The boys are appreciative, but are they learning how to handle their own lives?

According to Helen Johnson, parenting expert and author of the book Don't Tell Me What to Do, Just Send Money, they are not. She believes that Lewis and parents like her are sending a message to their kids that screams, “You are not capable.”

This new parenting trend is building its own industry. Many four-year colleges hire Parent Coordinators to handle the “hovercrafters”.

A Parent Coordinator is charged with manning an information hotline and organizing parenting events.

Colleges even offer seminars for students to help them learn to separate from so much control, although many of the millennium generation report they prefer having their top advisors in the middle of their business—handling the tough issues and minor hassles they face. Something is terribly wrong with this picture.

The College Board, a New York-based nonprofit organization that oversees the SAT and Advanced Placement programs, provides information for the parents of entering Freshman. It offers a quiz so parents can see where they fall on the Helicopter scale.

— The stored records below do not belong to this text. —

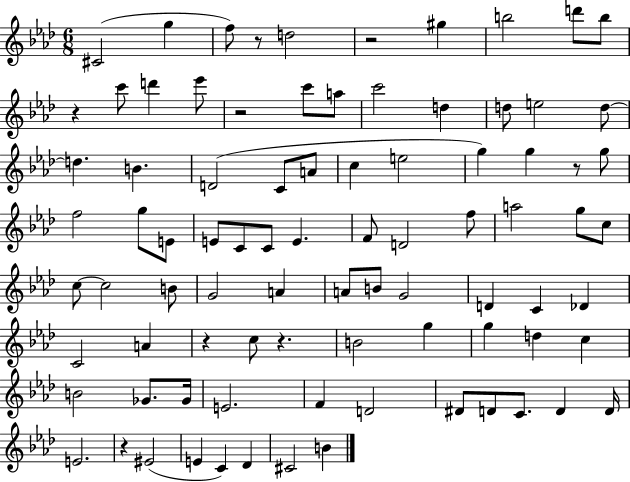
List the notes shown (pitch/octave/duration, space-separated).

C#4/h G5/q F5/e R/e D5/h R/h G#5/q B5/h D6/e B5/e R/q C6/e D6/q Eb6/e R/h C6/e A5/e C6/h D5/q D5/e E5/h D5/e D5/q. B4/q. D4/h C4/e A4/e C5/q E5/h G5/q G5/q R/e G5/e F5/h G5/e E4/e E4/e C4/e C4/e E4/q. F4/e D4/h F5/e A5/h G5/e C5/e C5/e C5/h B4/e G4/h A4/q A4/e B4/e G4/h D4/q C4/q Db4/q C4/h A4/q R/q C5/e R/q. B4/h G5/q G5/q D5/q C5/q B4/h Gb4/e. Gb4/s E4/h. F4/q D4/h D#4/e D4/e C4/e. D4/q D4/s E4/h. R/q EIS4/h E4/q C4/q Db4/q C#4/h B4/q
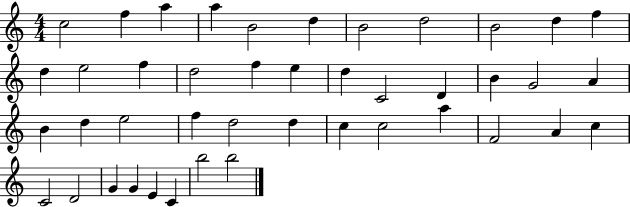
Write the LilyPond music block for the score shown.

{
  \clef treble
  \numericTimeSignature
  \time 4/4
  \key c \major
  c''2 f''4 a''4 | a''4 b'2 d''4 | b'2 d''2 | b'2 d''4 f''4 | \break d''4 e''2 f''4 | d''2 f''4 e''4 | d''4 c'2 d'4 | b'4 g'2 a'4 | \break b'4 d''4 e''2 | f''4 d''2 d''4 | c''4 c''2 a''4 | f'2 a'4 c''4 | \break c'2 d'2 | g'4 g'4 e'4 c'4 | b''2 b''2 | \bar "|."
}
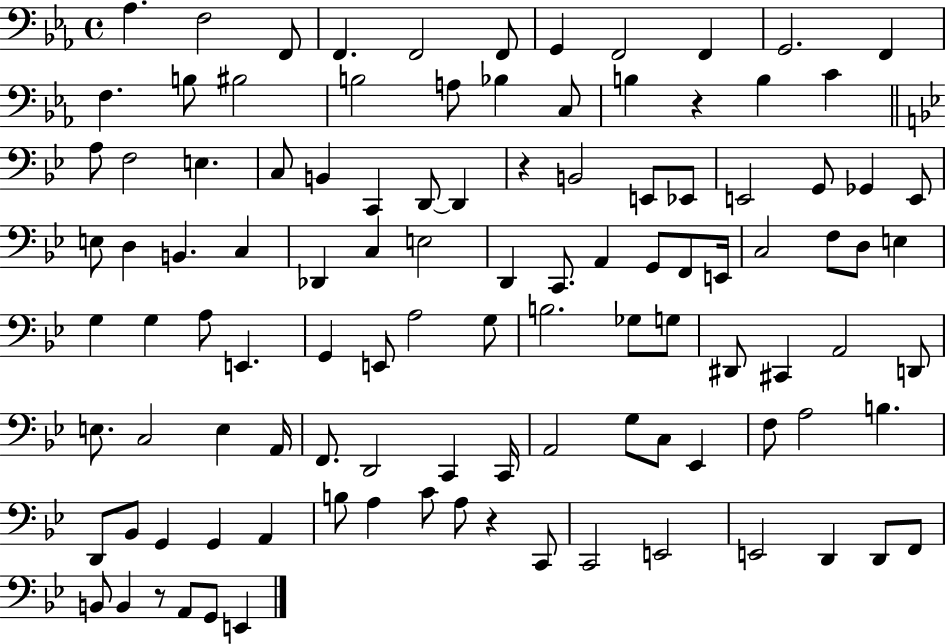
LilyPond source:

{
  \clef bass
  \time 4/4
  \defaultTimeSignature
  \key ees \major
  aes4. f2 f,8 | f,4. f,2 f,8 | g,4 f,2 f,4 | g,2. f,4 | \break f4. b8 bis2 | b2 a8 bes4 c8 | b4 r4 b4 c'4 | \bar "||" \break \key g \minor a8 f2 e4. | c8 b,4 c,4 d,8~~ d,4 | r4 b,2 e,8 ees,8 | e,2 g,8 ges,4 e,8 | \break e8 d4 b,4. c4 | des,4 c4 e2 | d,4 c,8. a,4 g,8 f,8 e,16 | c2 f8 d8 e4 | \break g4 g4 a8 e,4. | g,4 e,8 a2 g8 | b2. ges8 g8 | dis,8 cis,4 a,2 d,8 | \break e8. c2 e4 a,16 | f,8. d,2 c,4 c,16 | a,2 g8 c8 ees,4 | f8 a2 b4. | \break d,8 bes,8 g,4 g,4 a,4 | b8 a4 c'8 a8 r4 c,8 | c,2 e,2 | e,2 d,4 d,8 f,8 | \break b,8 b,4 r8 a,8 g,8 e,4 | \bar "|."
}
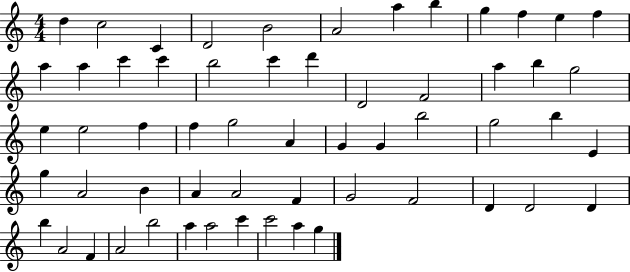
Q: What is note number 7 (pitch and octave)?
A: A5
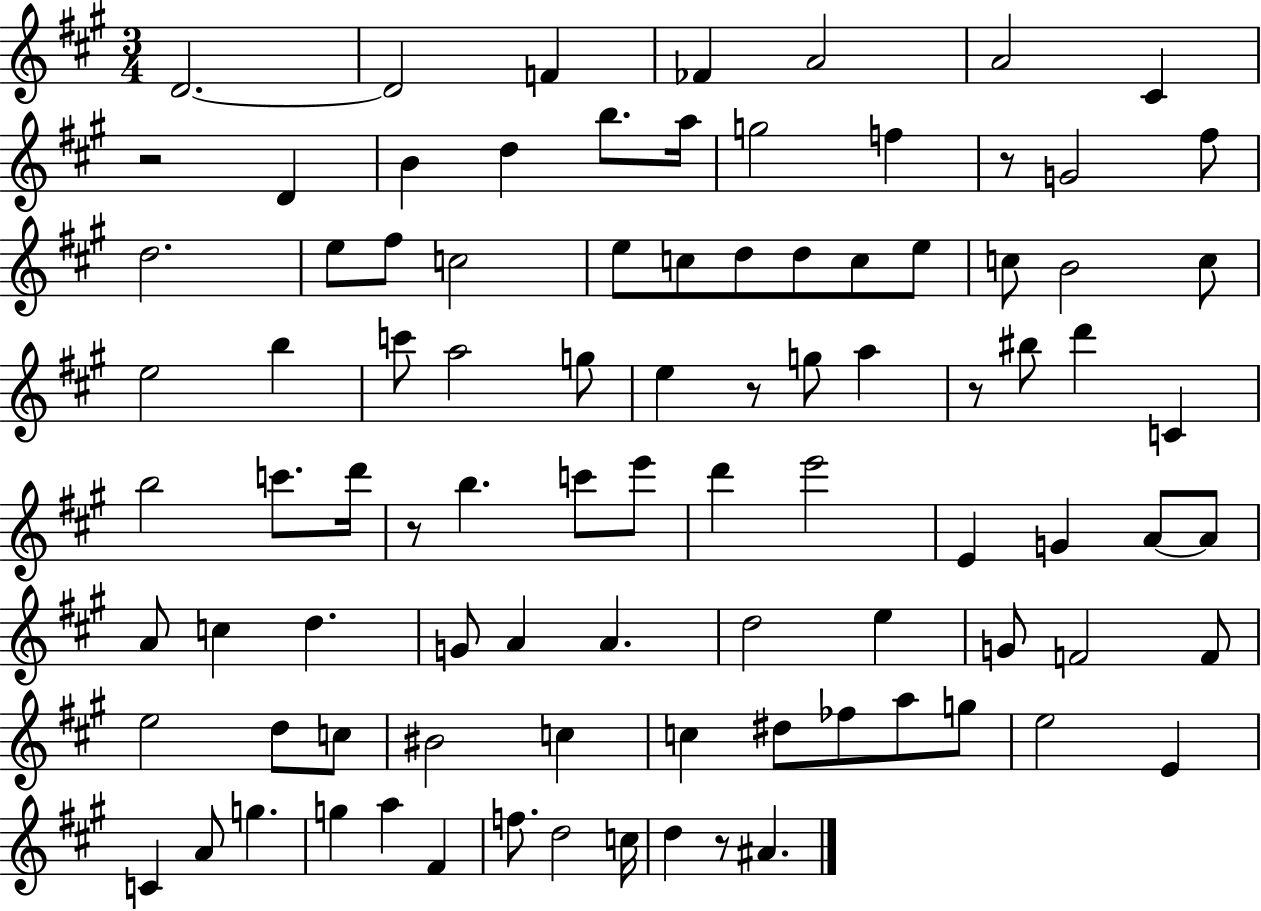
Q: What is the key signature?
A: A major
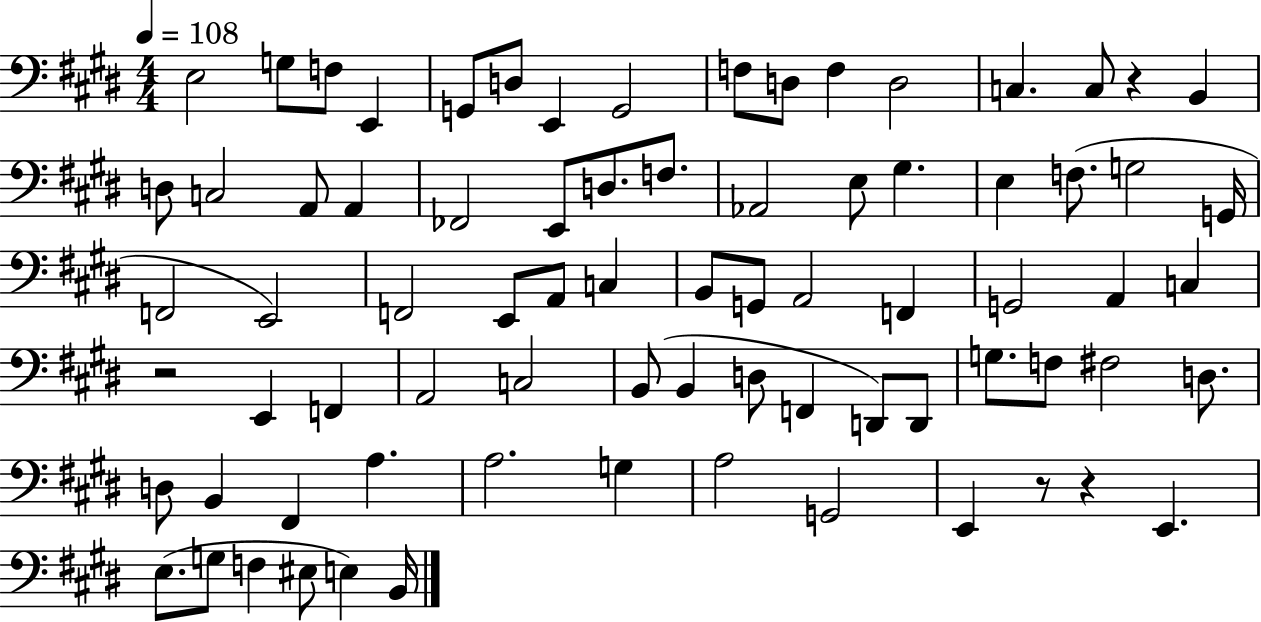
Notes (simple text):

E3/h G3/e F3/e E2/q G2/e D3/e E2/q G2/h F3/e D3/e F3/q D3/h C3/q. C3/e R/q B2/q D3/e C3/h A2/e A2/q FES2/h E2/e D3/e. F3/e. Ab2/h E3/e G#3/q. E3/q F3/e. G3/h G2/s F2/h E2/h F2/h E2/e A2/e C3/q B2/e G2/e A2/h F2/q G2/h A2/q C3/q R/h E2/q F2/q A2/h C3/h B2/e B2/q D3/e F2/q D2/e D2/e G3/e. F3/e F#3/h D3/e. D3/e B2/q F#2/q A3/q. A3/h. G3/q A3/h G2/h E2/q R/e R/q E2/q. E3/e. G3/e F3/q EIS3/e E3/q B2/s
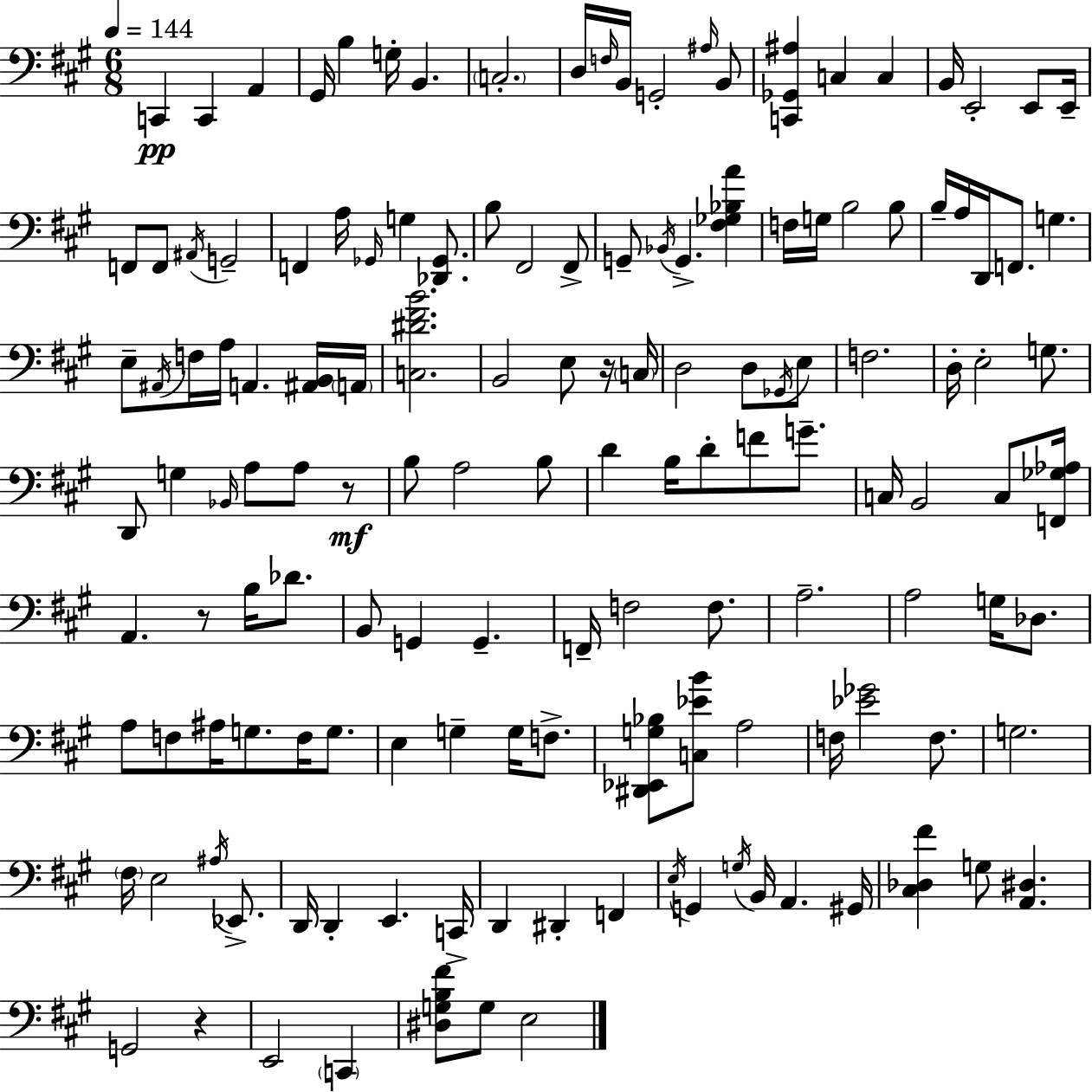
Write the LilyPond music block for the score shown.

{
  \clef bass
  \numericTimeSignature
  \time 6/8
  \key a \major
  \tempo 4 = 144
  c,4\pp c,4 a,4 | gis,16 b4 g16-. b,4. | \parenthesize c2.-. | d16 \grace { f16 } b,16 g,2-. \grace { ais16 } | \break b,8 <c, ges, ais>4 c4 c4 | b,16 e,2-. e,8 | e,16-- f,8 f,8 \acciaccatura { ais,16 } g,2-- | f,4 a16 \grace { ges,16 } g4 | \break <des, ges,>8. b8 fis,2 | fis,8-> g,8-- \acciaccatura { bes,16 } g,4.-> | <fis ges bes a'>4 f16 g16 b2 | b8 b16-- a16 d,16 f,8. g4. | \break e8-- \acciaccatura { ais,16 } f16 a16 a,4. | <ais, b,>16 \parenthesize a,16 <c dis' fis' b'>2. | b,2 | e8 r16 \parenthesize c16 d2 | \break d8 \acciaccatura { ges,16 } e8 f2. | d16-. e2-. | g8. d,8 g4 | \grace { bes,16 } a8 a8 r8\mf b8 a2 | \break b8 d'4 | b16 d'8-. f'8 g'8.-- c16 b,2 | c8 <f, ges aes>16 a,4. | r8 b16 des'8. b,8 g,4 | \break g,4.-- f,16-- f2 | f8. a2.-- | a2 | g16 des8. a8 f8 | \break ais16 g8. f16 g8. e4 | g4-- g16 f8.-> <dis, ees, g bes>8 <c ees' b'>8 | a2 f16 <ees' ges'>2 | f8. g2. | \break \parenthesize fis16 e2 | \acciaccatura { ais16 } ees,8.-> d,16 d,4-. | e,4. c,16-> d,4 | dis,4-. f,4 \acciaccatura { e16 } g,4 | \break \acciaccatura { g16 } b,16 a,4. gis,16 <cis des fis'>4 | g8 <a, dis>4. g,2 | r4 e,2 | \parenthesize c,4 <dis g b fis'>8 | \break g8 e2 \bar "|."
}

Questions include how many times caregivers contact their college-enrolled child a day, if they have ever contacted a professor on the child’s behalf and if they have written a paper for their child.

Parents who answer too many questions with the wrong answer are told, “We know you mean well, but you've just learned that hovering can be detrimental to your student. Take a deep breath, and check out the books listed below.”

To take the quiz, click here. This site provides a wealth of information, including recommended books.

On the flipside, new research tells us hovering parents can actually be helping their students.

The main message of these new findings is that involved parenting can be a good thing. Checking in, asking about grades and encouraging our college students to stay on top of their work and commitments certainly isn’t overstepping any boundaries.

For a clear delineation of where hovering becomes toxic, heed Johnson’s advice, “You do not take on your children's problems,” Johnson says, “but you talk to them about their problems.”

Learning how to manage one’s own problems and challenges builds a required muscle. If the child never does anything for him or her self, no lesson is learned.

Many times in my young adult life, I wished my parents would handle my problems—talk to my professor about a missed class or call my boss to explain what happened. Thankfully for me, having my parents handle those challenges wasn’t even an option. Unfortunately, for our latest generation of college students and young professionals, it is.